Chrysler ya entró en bancarrota y General Motors (GM) se apresta a seguir por el mismo camino. Pese a los esfuerzos, el primero de junio es la fecha límite impuesta por el gobierno federal a la empresa. Funcionarios han expresado hasta cierto favoritismo por la quiebra por considerarla un escenario mejor para la reestructuración. Si bien y aunque se trate de un evento que se sepa de antemano que es posible que suceda, no implica que no tenga grandes y graves consecuencias sobre la economía y aún en los mercados. General Motors es la automotriz más grande de Estados Unidos, hay que imaginar la cantidad de proveedores, empleados, contratos, acuerdos, etcétera, que tendrán que ser renegociados y modificados.
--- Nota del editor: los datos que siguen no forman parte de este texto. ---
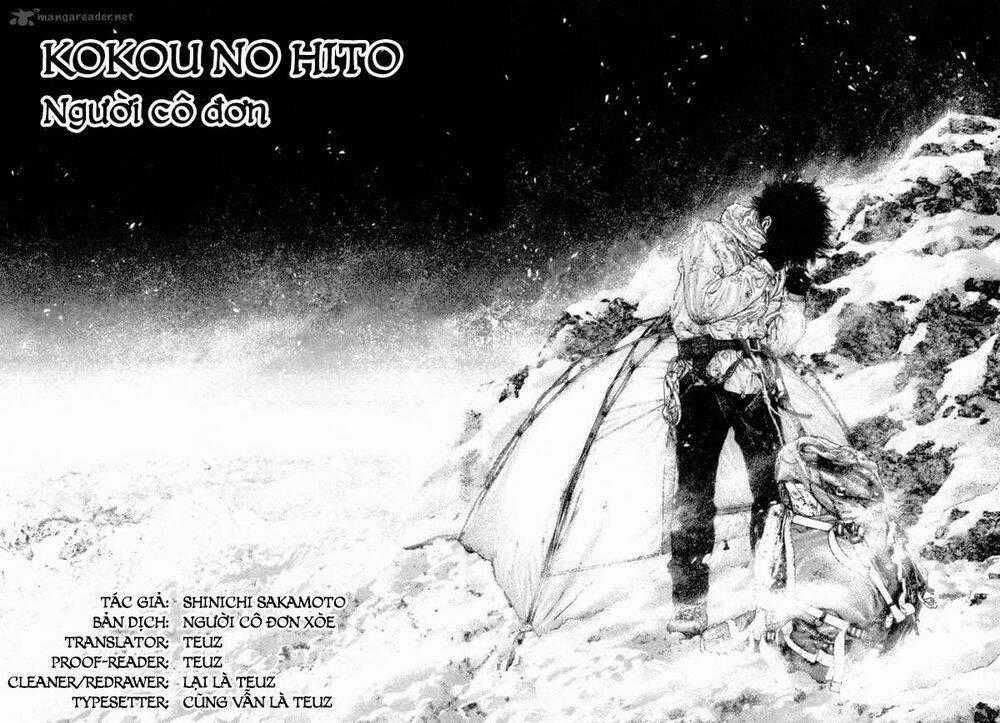 Kokou No Hito - Chapter 127 - Trang 1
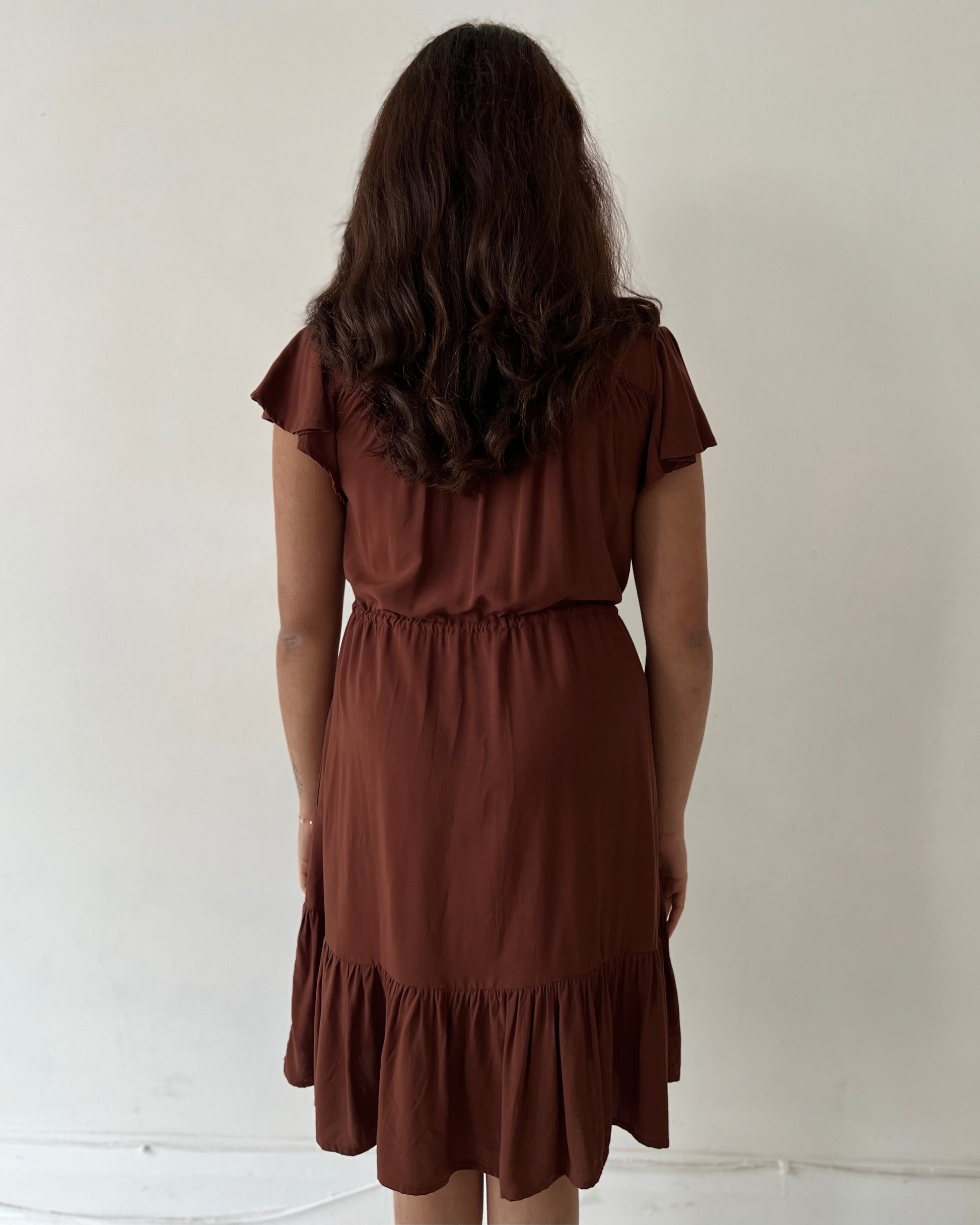CALI MINI DRESS COCO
Aún teniendo un resultado beneficioso a largo plazo para la empresa, en el corto tendrá un alto costo. Hasta el índice Dow Jones sufrirá ya que tendrá que cambiar su estructura, puesto que GM es uno de los componentes.

Resta saber si el mercado de automóviles en el mundo ha completado el ajuste o si queda más aún. Este ajuste que comenzó por el lado de la demanda, vía una reducción importante en las cantidades y ahora se notan las consecuencias en el lado de la oferta.